Candy Crowley of CNN stated that the Texas Republican party can put together a write-in campaign. That is legal, as much as the Democrats think they have control of the levers of justice. No way to stop voters from writing in the name of a Republican leader. Candy did say the campaign would be a huge undertaking, but it would rip the hypocritical rug right out from under the concrete feet of the Democrats.

DeLay resigned. The only way the Democrats can win is by dragging his body back to Texas to pick at his body parts and let him bleed to death on election night. But if the GOP of Texas is able to rally behind someone, there is hope the seat will remain in GOP hands, free and clear.

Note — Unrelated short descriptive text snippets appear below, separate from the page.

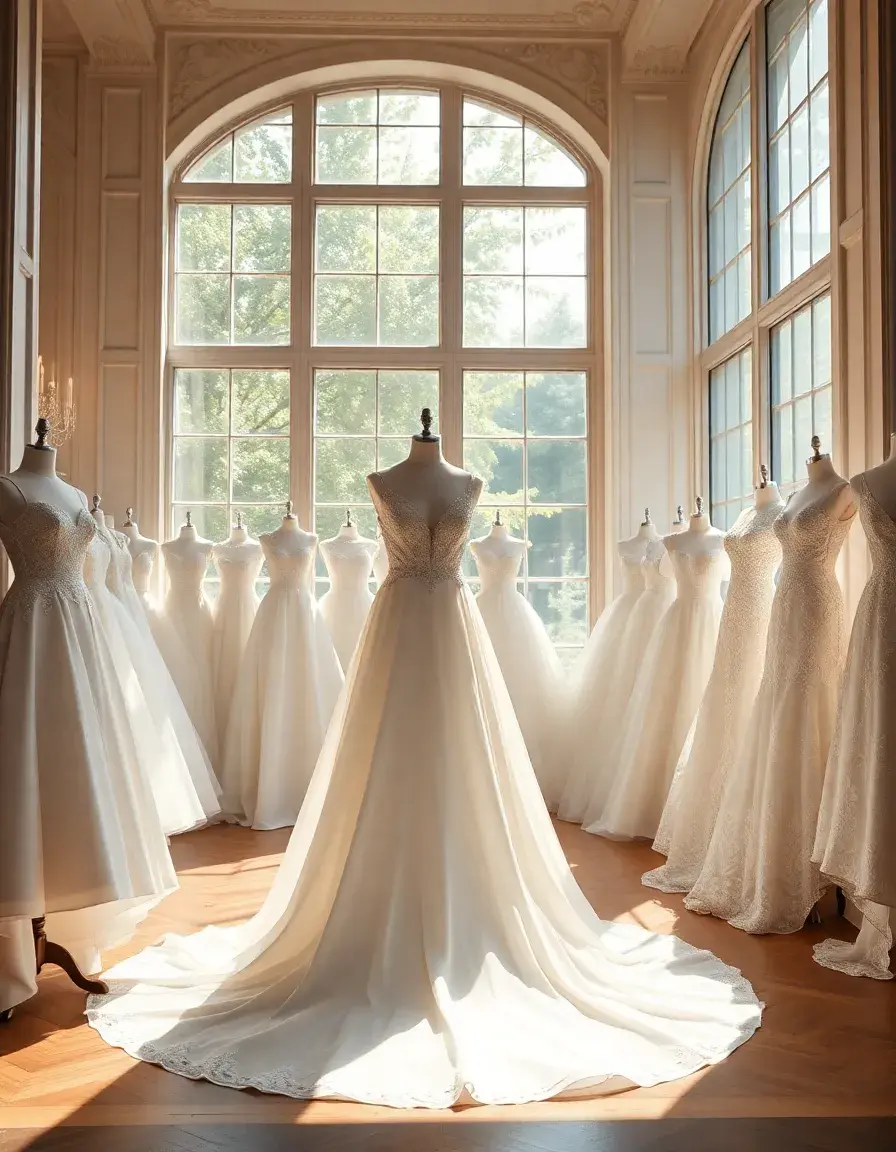 Boutique de luxe avec plusieurs styles de robe de mariée blanches élégantes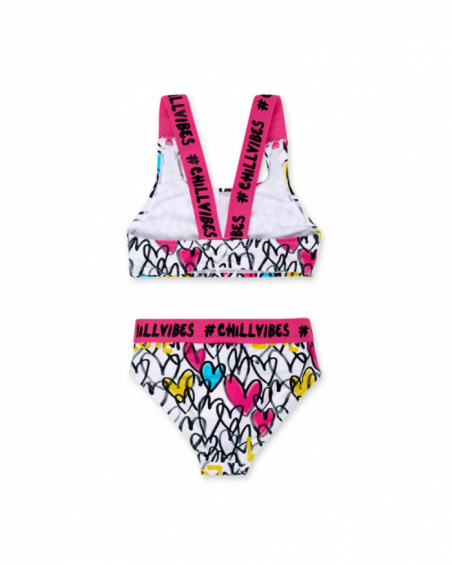 Bikini blanco estampado niña Rebel Girl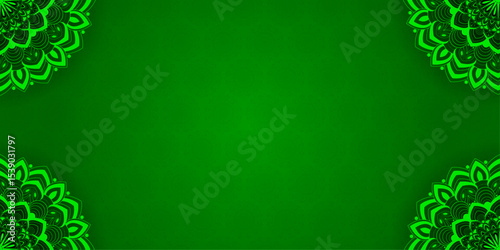 Elegant tradition gradient blog writing frame-Ornament frame border Banner blank Decoration for banner, futuristic, cover, decoration, card | Arabic pattern with green gradient color 
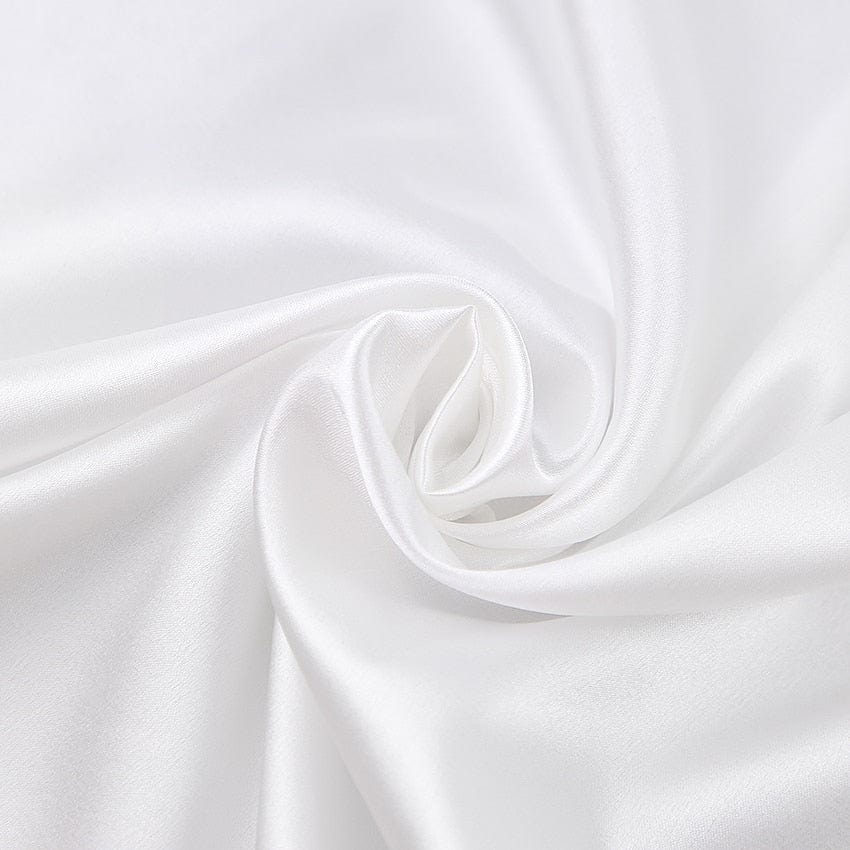 Satin bathrobe with fur on the sleeves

Posted by: Tina | August 3, 2006 7:55 PM | Report abuse

Time for a visit to the Land of Democrats:
a few years ago, Torricelli of New Jersey was investigated and held under fire for corruption while in the Senate. Yet, the Democrats were able to shove him off the ballot, (he had already won the primary too), so it seems as long as the Democrats keep getting by with being able to do this, they seem like hypocrites with all the fuss to keep DeLay on the ballot.

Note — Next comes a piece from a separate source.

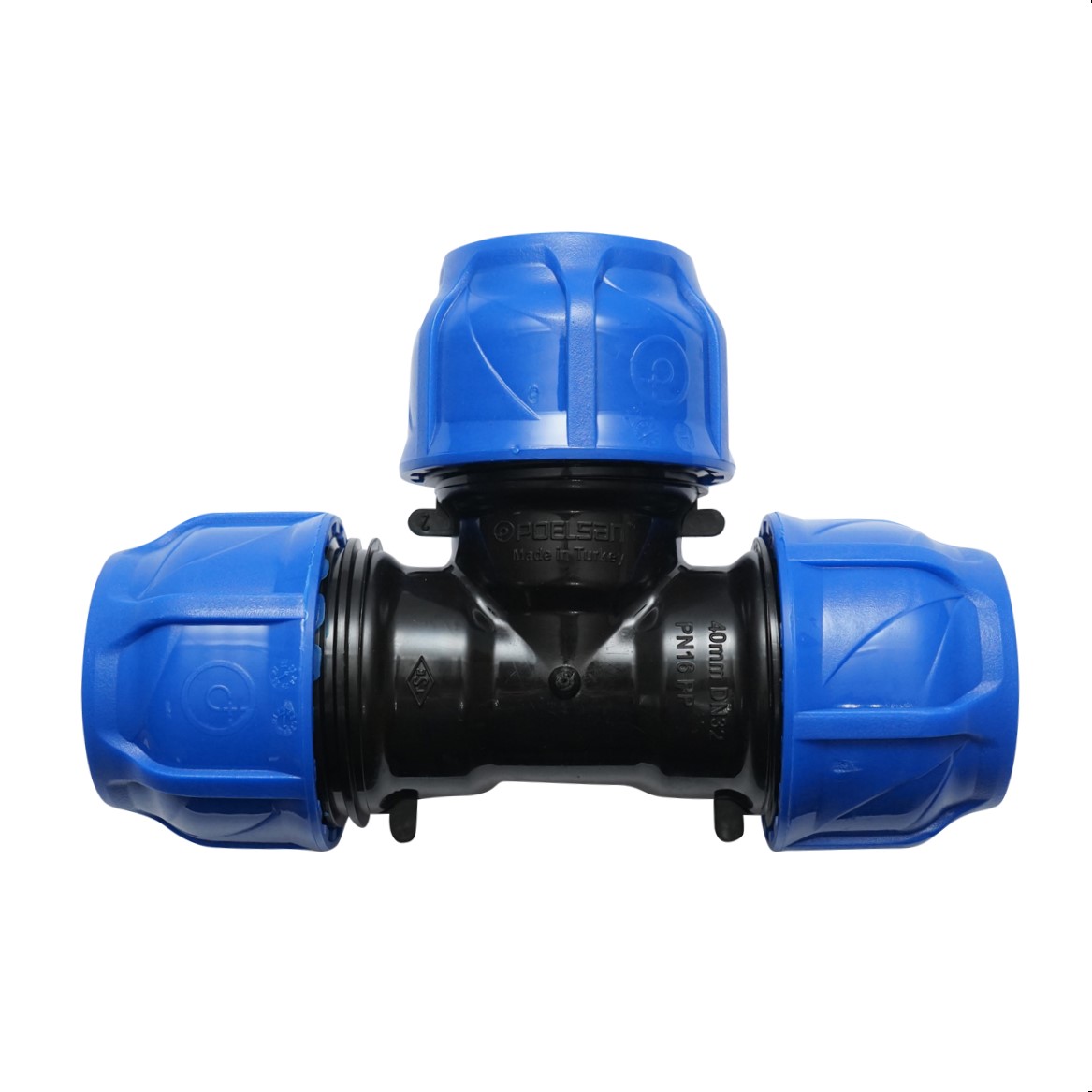 Teu egal compresiune D40x40x40mm PN16, pentru sisteme de irigatii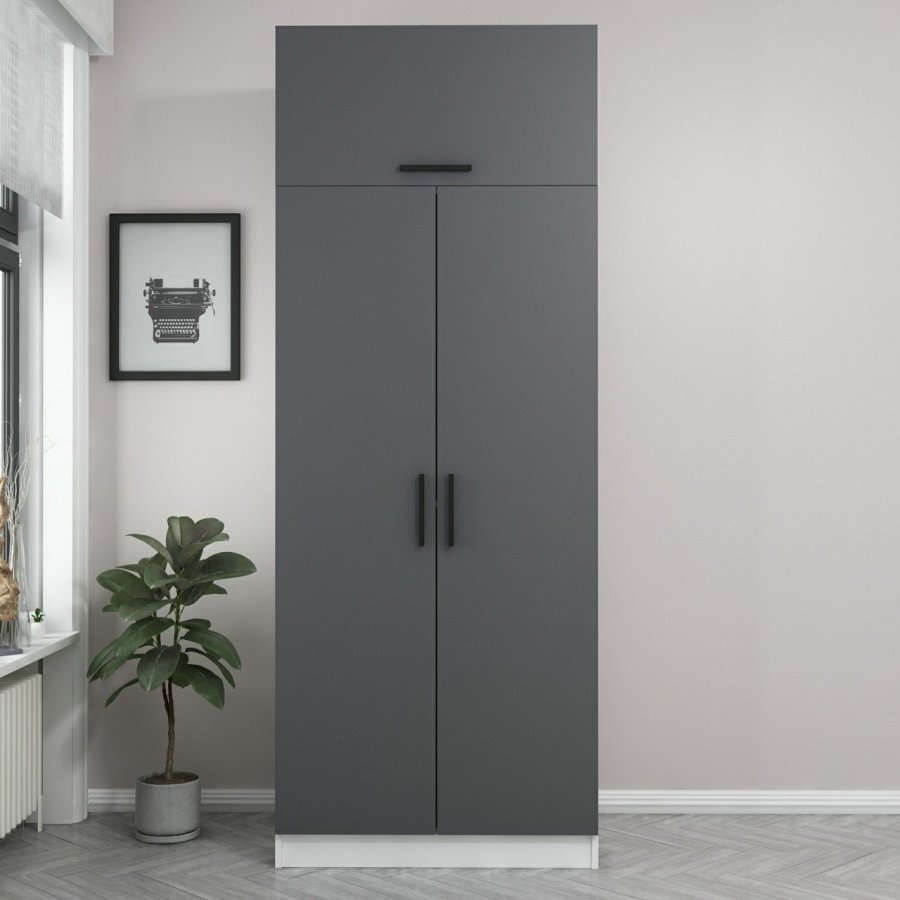 FUNZI LIVING 2234 garderobeskap, m. 3 drer, 1 hylle, 2 hengestenger, 1 rom - antrasittgr og hvit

Candy Crowley of CNN stated that the Texas Republican party can put together a write-in campaign. That is legal, as much as the Democrats think they have control of the levers of justice. No way to stop voters from writing in the name of a Republican leader. Candy did say the campaign would be a huge undertaking, but it would rip the hypocritical rug right out from under the concrete feet of the Democrats.

DeLay resigned. The only way the Democrats can win is by dragging his body back to Texas to pick at his body parts and let him bleed to death on election night. But if the GOP of Texas is able to rally behind someone, there is hope the seat will remain in GOP hands, free and clear.

Posted by: Tina | August 3, 2006 7:54 PM | Report abuse

This is Tom Delay we're talking about, he'll stop at nothing to make sure this seat stays red. Prediction: Delay will run and run hard, Delay will win, and Delay will resign setting up a special election where a Republican candidate can get on the ballot.

Disclaimer: I am not saying I am a proponent of this, just saying that I think it's the smartest thing the Republicans can do to keep this seat. And when it comes to elections the Republicans have been pretty smart.

Posted by: Dat Playa | August 3, 2006 6:30 PM | Report abuse

In answer to Mark -- Yep, sure does, but what's new? They love this Bubba -- corruption? Huh? doesn't everyone do it? Wouldn't be enough to keep this candidate out of office.

Posted by: say it ain't so | August 3, 2006 6:25 PM | Report abuse

DeLay can say he is campaigning out of necessity because of Democrats "trying to get at the courthouse what they can't get at the ballot box". That the Democratic candidate doesn't deserve to represent the district.

Check back with me the second week in November.

Posted by: Sam | August 3, 2006 6:06 PM | Report abuse

Let's say DeLay decides to mount a vigorous campaign, as one poster above theorizes. Doesn't that just make him -- not to mention the entire Texas GOP party leadership -- a 24-karat liar for claiming that he'd moved to Virginia "indefinitely" & was ineligible to run?

Posted by: mark | August 3, 2006 5:53 PM | Report abuse

But it could backfire big time if the DeLay mounts a vigorous campaign and his constituents sense an opportunity to embarrass the Democrats... I'm a Democrat but I am betting that is a good possibility.

Posted by: sayitain'tso | August 3, 2006 5:26 PM | Report abuse

"Moved to Virginia" is rather dubious, given that his wife reportedly still lives in Sugar Land.

Posted by: Keith | August 3, 2006 5:11 PM | Report abuse

It seems for now that Democrats will have the last laugh in the Tom DeLay saga.

Posted by: Ohio guy | August 3, 2006 5:02 PM | Report abuse

Somebody needs to tell Tom that it's gonna be tough to run for congress from the Big House (and I ain't talking about the one on Pennsylvania Ave)

Posted by: Andy R | August 3, 2006 4:52 PM | Report abuse

The comments to this entry are closed.